I agree with you when it comes to humans that an approximation is totally fine for [almost] all purposes. I'm not sure that this holds when it comes to thinking about potential superintelligent AI, however. If it turns out that even in a super high-fidelity multidimensional ethical model there are still inherent self-contradictions, how/would that impact the Alignment problem, for instance?

Given the state of AI, I think AI systems are more likely to infer our ethical intuitions by default.



Utilitarianism is not supposed to be applied like this. It is only a perspective. If you apply it everywhere, then there's a much quicker shortcut: we should kill a healthy person and use this person's organs to save several other people who would otherwise be healthy if not for some organ disfunction.

Lives are in general not comparable by amount, especially human lives, for a society to function. Which is why the person who pulls the handle in the trolly problem commits a crime.

This is where intuition can go wrong. If intuitions are not necessarily consistent, since most people avoid the trolley problem at all cost, then no wonder ethics built to be based on intuition is futile.

2 comments, sorted by Click to highlight new comments since:

If in extreme situations the ethical ideas fall apart, it might make sense to add an extra rule to stay away from the extreme situations. Like maybe not forever, but to proceed sufficiently slowly so that we have time to reflect on how we feel about that.
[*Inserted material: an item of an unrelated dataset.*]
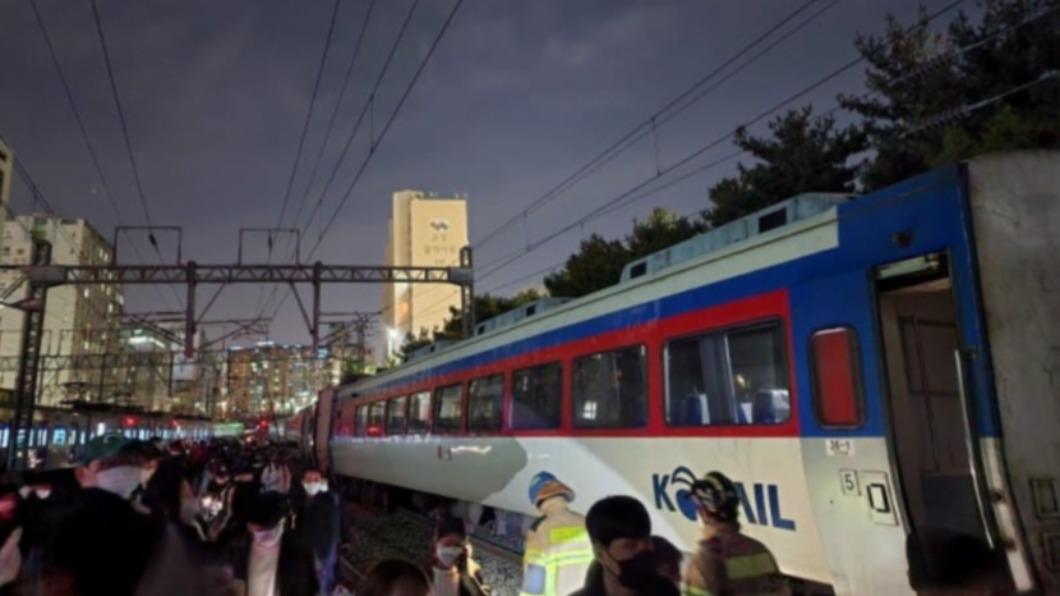 快訊/南韓又一公安意外 首爾火車進站時出軌31人受傷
Thanks for the post. I don’t know the answer to whether a self-consistent ethical framework can be constructed, but I’m working on it (without funding). My current best framework is a utilitarian one with incorporation of the effects of rights, self-esteem (personal responsibility) and conscience. It doesn’t “fix” the repugnant or very repugnant conclusions, but it says how you transition from one world to another could matter in terms of the conscience(s) of the person/people who bring it about.

It’s an interesting question as to what the implications are if it’s impossible to make a self-consistent ethical framework. If we can’t convey ethics to an AI in a self-consistent form, then we’ll likely rely in part on giving it lots of example situations (that not all humans/ethicists will agree on) to learn from and hope it’ll augment this with learning from human behavior, and then generalize well to outside all this not perfectly consistent training data. (Sounds a bit sketchy, doesn't it - at least for the first AGI's, but perhaps ASI's could fare better?) Generalize "well” could be taken to mean that an AI won’t do anything that most people would strongly disapprove of if they understood the true implications of the action.
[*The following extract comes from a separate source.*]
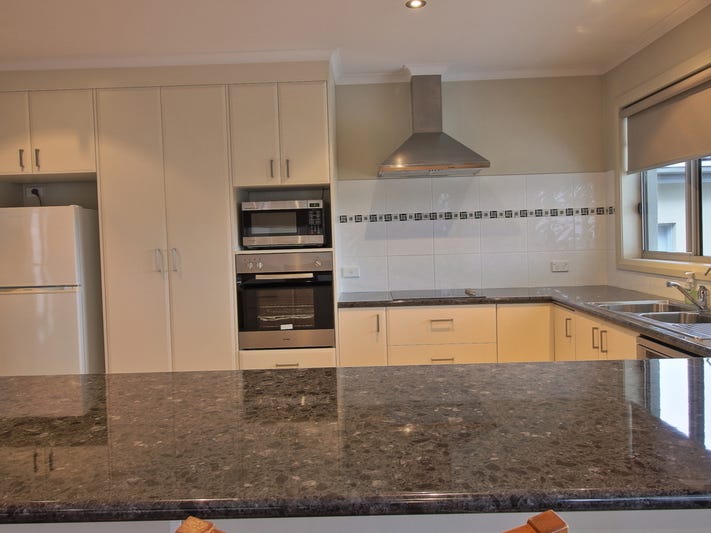 Modern immaculate 2 bedroom Villa 3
[This paragraph I'm less sure of, so take it with a grain of salt:] An AI that was trying to act ethically and taking the approval of relatively wise humans as some kind of signal of this might try to hide/avoid ethical inconsistencies that humans would pick up on. It would probably develop a long list of situations where inconsistencies seemed to arise and of actions it thought it could "get away with" versus not. I'm not talking about deception with malice, just sneakiness to try to keep most humans more or less happy, which, I assume would be part of what its ethics system would deem as good/valuable. It seems to me that problems may come to the surface if/when an "ethical" AI is defending against bad AI, when it may no longer be able to hide inconsistencies in all the situations that could rapidly come up. 

If it is possible to construct a self-consistent ethical framework and we haven't done it in time or laid the groundwork for it to be done quickly by the first "transformative" AI's, then we'll have basically dug our own grave for the consequences we get, in my opinion. Work to try to come up with a self-consistent ethical framework seems to me to be a very under explored area for AI safety.